:: Task inputs ::
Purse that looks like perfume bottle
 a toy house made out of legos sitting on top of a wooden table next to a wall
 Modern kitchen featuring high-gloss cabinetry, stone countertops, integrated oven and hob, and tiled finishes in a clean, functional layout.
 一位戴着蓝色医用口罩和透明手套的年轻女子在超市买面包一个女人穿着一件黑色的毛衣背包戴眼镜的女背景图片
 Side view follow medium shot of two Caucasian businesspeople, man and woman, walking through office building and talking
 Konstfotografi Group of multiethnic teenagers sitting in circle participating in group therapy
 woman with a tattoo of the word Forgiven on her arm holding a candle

:: What this task involves ::
Print out the records exactly as they were entered.

:: Result of the exercise ::
Purse that looks like perfume bottle
 a toy house made out of legos sitting on top of a wooden table next to a wall
 Modern kitchen featuring high-gloss cabinetry, stone countertops, integrated oven and hob, and tiled finishes in a clean, functional layout.
 一位戴着蓝色医用口罩和透明手套的年轻女子在超市买面包一个女人穿着一件黑色的毛衣背包戴眼镜的女背景图片
 Side view follow medium shot of two Caucasian businesspeople, man and woman, walking through office building and talking
 Konstfotografi Group of multiethnic teenagers sitting in circle participating in group therapy
 woman with a tattoo of the word Forgiven on her arm holding a candle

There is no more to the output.